Yoo has long advocated for largely unchecked presidential power in times of crisis, such as the Bush administration’s war on terror. He wrote several legal opinions that were used to justify the CIA’s use of waterboarding and broad surveillance programs, and he even said presidential power protected the executive’s right to crush a child’s testicles if the president believed it would help him obtain information. He also defended former President Barack Obama’s use of armed drones.
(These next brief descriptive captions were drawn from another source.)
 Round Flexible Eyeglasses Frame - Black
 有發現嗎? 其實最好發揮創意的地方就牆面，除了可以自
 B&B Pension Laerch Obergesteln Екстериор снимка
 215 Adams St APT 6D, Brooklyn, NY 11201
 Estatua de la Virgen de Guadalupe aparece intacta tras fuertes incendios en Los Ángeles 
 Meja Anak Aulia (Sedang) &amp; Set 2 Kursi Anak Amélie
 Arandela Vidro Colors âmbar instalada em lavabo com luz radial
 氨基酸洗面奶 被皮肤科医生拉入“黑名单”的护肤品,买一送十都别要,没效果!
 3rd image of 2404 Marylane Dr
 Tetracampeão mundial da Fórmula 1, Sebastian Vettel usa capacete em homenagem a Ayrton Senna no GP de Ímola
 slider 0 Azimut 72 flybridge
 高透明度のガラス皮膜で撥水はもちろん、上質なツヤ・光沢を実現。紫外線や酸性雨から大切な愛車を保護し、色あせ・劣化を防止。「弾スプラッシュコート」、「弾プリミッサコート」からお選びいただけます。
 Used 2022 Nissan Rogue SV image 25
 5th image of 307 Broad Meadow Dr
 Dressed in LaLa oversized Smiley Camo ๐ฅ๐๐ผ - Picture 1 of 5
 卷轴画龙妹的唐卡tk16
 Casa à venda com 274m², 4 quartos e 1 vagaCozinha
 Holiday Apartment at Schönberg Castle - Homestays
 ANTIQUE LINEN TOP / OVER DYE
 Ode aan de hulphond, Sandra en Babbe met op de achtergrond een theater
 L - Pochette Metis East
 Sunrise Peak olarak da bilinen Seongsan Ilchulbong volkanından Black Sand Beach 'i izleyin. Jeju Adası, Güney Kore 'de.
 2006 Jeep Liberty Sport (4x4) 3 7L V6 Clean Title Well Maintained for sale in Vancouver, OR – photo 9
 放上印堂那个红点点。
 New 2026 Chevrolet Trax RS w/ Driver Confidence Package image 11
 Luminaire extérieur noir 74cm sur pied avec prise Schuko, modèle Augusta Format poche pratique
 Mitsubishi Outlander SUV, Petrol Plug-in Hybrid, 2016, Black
But in his op-ed, Yoo argues Trump lacks constitutional restraint.

He specifically questions Trump’s executive orders calling for the construction of a wall along the U.S.-Mexico border and renegotiating NAFTA, and his firing of acting Attorney General Sally Yates after she said she wouldn’t defend his executive order on immigration.

Yoo also criticizes Trump’s executive order banning travel from seven Muslim-majority countries, arguing the policy could have been constitutional if he had sought proper counsel on the matter.

Bush-era official John Yoo says Trump's use of executive power has gone too far.
Bush-era official John Yoo says Trump's use of executive power has gone too far.
Randy Pench/Sacramento Bee via Getty Images

“Had Mr. Trump taken advantage of the resources of the executive branch as a whole, not just a few White House advisers, he would not have rushed out an ill-conceived policy made vulnerable to judicial challenge,” Yoo writes.

“A successful president need not have a degree in constitutional law. But he should understand the Constitution’s grant of executive power,” he writes. “Otherwise, our new president will spend his days overreacting to the latest events, dissipating his political capital and haphazardly wasting the executive’s powers.”

Yoo previously criticized Trump’s remarks on torture, telling Fox News last year he believes Trump doesn’t understand what waterboarding is used for.

“I’m afraid Mr. Trump thinks of waterboarding, or worse, as a kind of punishment, like a sentence ― as you said, revenge or reprisals,” Yoo said. “That’s not what its purpose is. The purpose of it is not to take revenge for past acts. It’s to figure out what to do now to get intelligence to stop future attacks.”

Yoo also took issue with Obama’s 2016 executive orders on gun safety, calling them an effort to “extend the reach of the regulatory state.”